A group of six or so Otos would do fine in a 30 depending on how many fish you have in there. Hillstream loaches are subtropical and wouldn't do well in a tropical tank. If you want algae gone though, nothing beats a sponge or scraper and doing it by hand.


----------



## Lexus

3 would probably even do it.


----------



## neb123

ya my tank is pretty full i dont know if i could do 6 ocos, but 3 might work, what about a small pleco? anyone know of any smaller species?


----------



## garfieldnfish

Otos will not live long in an unplanted tank. I would not get them unless you plan on buying some plants as well. Hillstream loaches are neat fish but they do not eat algae at all. They eat the microoranisms living on every tank surface so it looks like they eat algae but that is a misconception. And for that reason they need a large tank or you need to feed them some carnivore tablets so they don't starve. Also they prefer cool, fast moving water, a strong filter and current is a must, not an easy fish to keep. I would recommend a bristlenose or rubberlip pleco. Both stay under 5 inches, eat algae all their live, are totally non aggressive (can even be kept with goldfish) and they do well by themselves. The bristlenose needs a piece of driftwood in the tank for digestion, the rubberlip does not. Both are usually sold at most LFSs or they can get them easily.


----------



## Peligrin

If you don't like the looks of the rubberlip or the bristlenose, the butterfly (or flounder) pleco (_Dekeyseria brachyura_: L-168) is pretty neat. These also don't get too big (4-6 inches) and are great with algae (from what I understand). I'm looking to get one myself. People are probably sick of hearing me talk about them!  

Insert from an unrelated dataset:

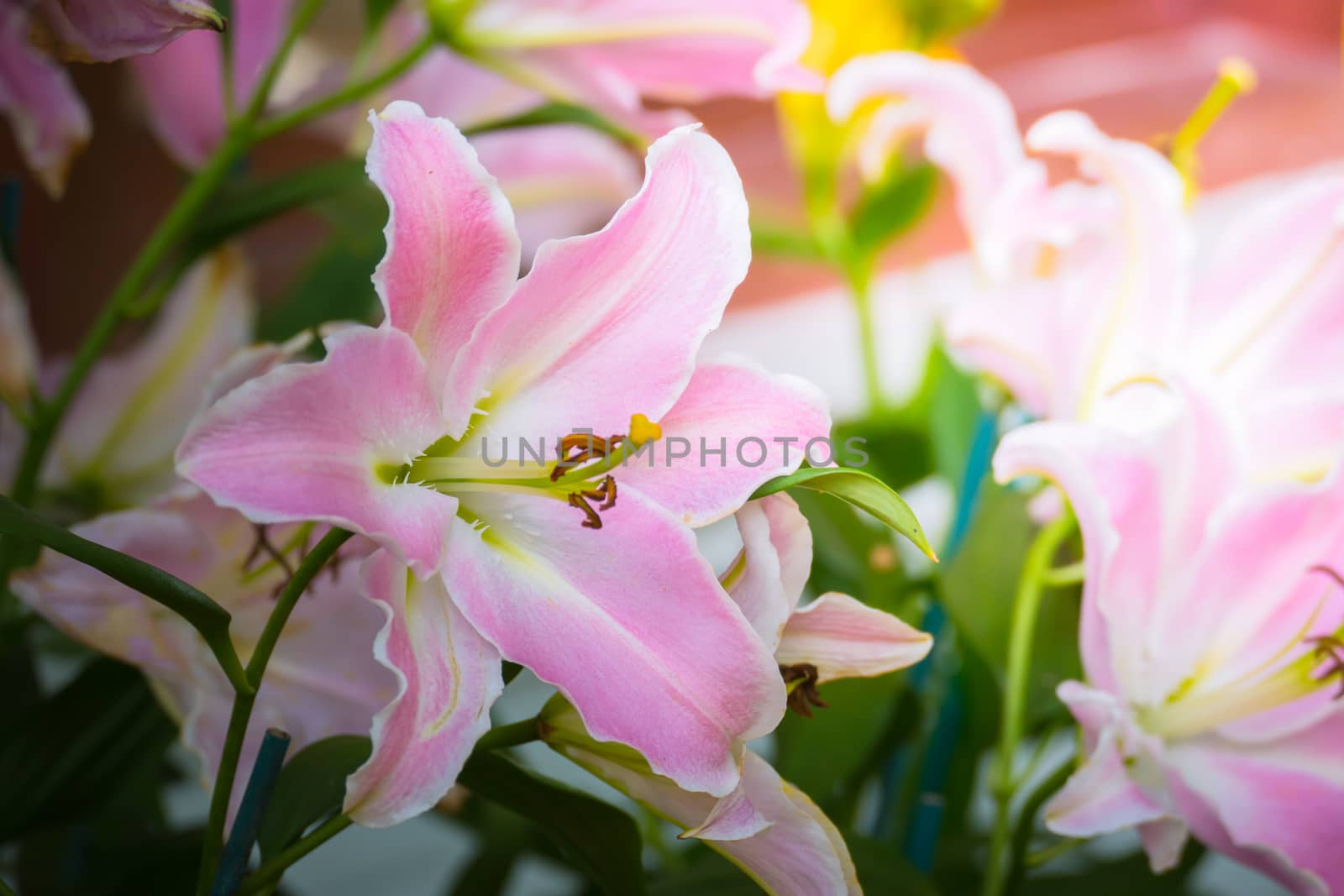 The background image of the colorful flowers by teerawit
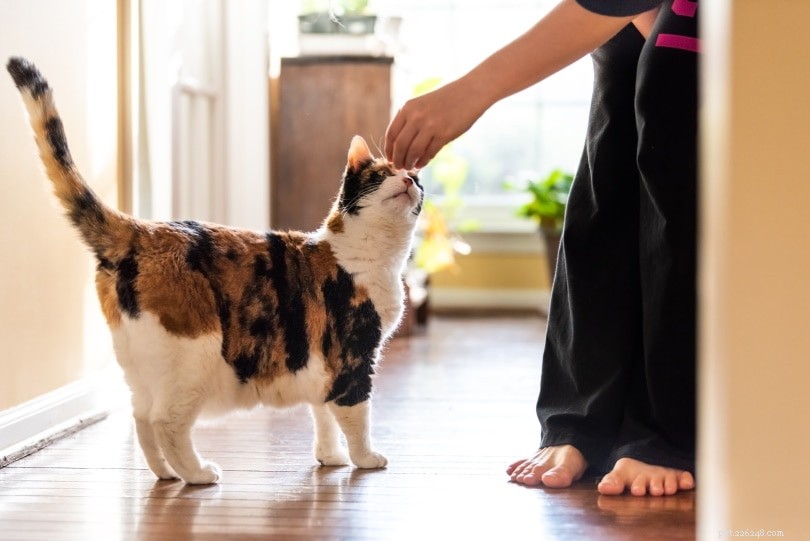 Hoe u kunt voorkomen dat uw kat om eten smeekt – 12 tips die werken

They're harder to find and cost about $20, but (again, from what I understand) worth it. Go to www.planetcatfish.com (do a search for L168) or http://www.fishprofiles.com/files/profiles/butterflypleco.xml (this link doesn't have pics) and check them out.

Happy searching!


----------



## Teelie

I've been trying in vain to get a trio of L168's but it's next to impossible to find any. At least for me.


----------



## neb123

cool thanks guys, ya i did some research on the hillstream loaches, def not what i was looking for but really cool looking fish, i think im going to the lfs today to check out some plecos, hmmm i have a piece of drift wood in there already but its already been claimed by a few fish


----------



## nyxWild

does any one know of an algae eater that is under 3 inches? or is that not possible. i'm just wondering because i want one for my tank but i dont want a 6 inch one. cheers!


----------



## garfieldnfish

I have had a spotted male bristlenose for over 9 months and he is still only about 3 maybe 3 1/2 inches. I do not believe he gets any bigger. My female of another species of bristlenose has passed the 4 inch mark a little while ago and is still going. But they stay around 5" max.


----------



## neb123

ya so i picked up a rubber lip at the lfs, hes only about 1.5 inches so we will see wat kind of impact he has on this algae


----------



## garfieldnfish

My rubberlip is in a 29 gal and keeps it spotless. There are also 2 SAEs in with him but they prefer fish flakes to working to get their food so my rubberlip has been designated by them to be the janitor and he does not seem to mind. I think you will be pretty happy with your choice. I love mine and I personally think they are cute.


----------



## neb123

ahah ya hes not a bad lookin fish, hes kindof being a dork to my botias, he keeps pushing them out of their hiding spots and wont stay put


----------



## garfieldnfish

He won't hurt them, he's just setting up base camp. Give it a week and things will settle down.


----------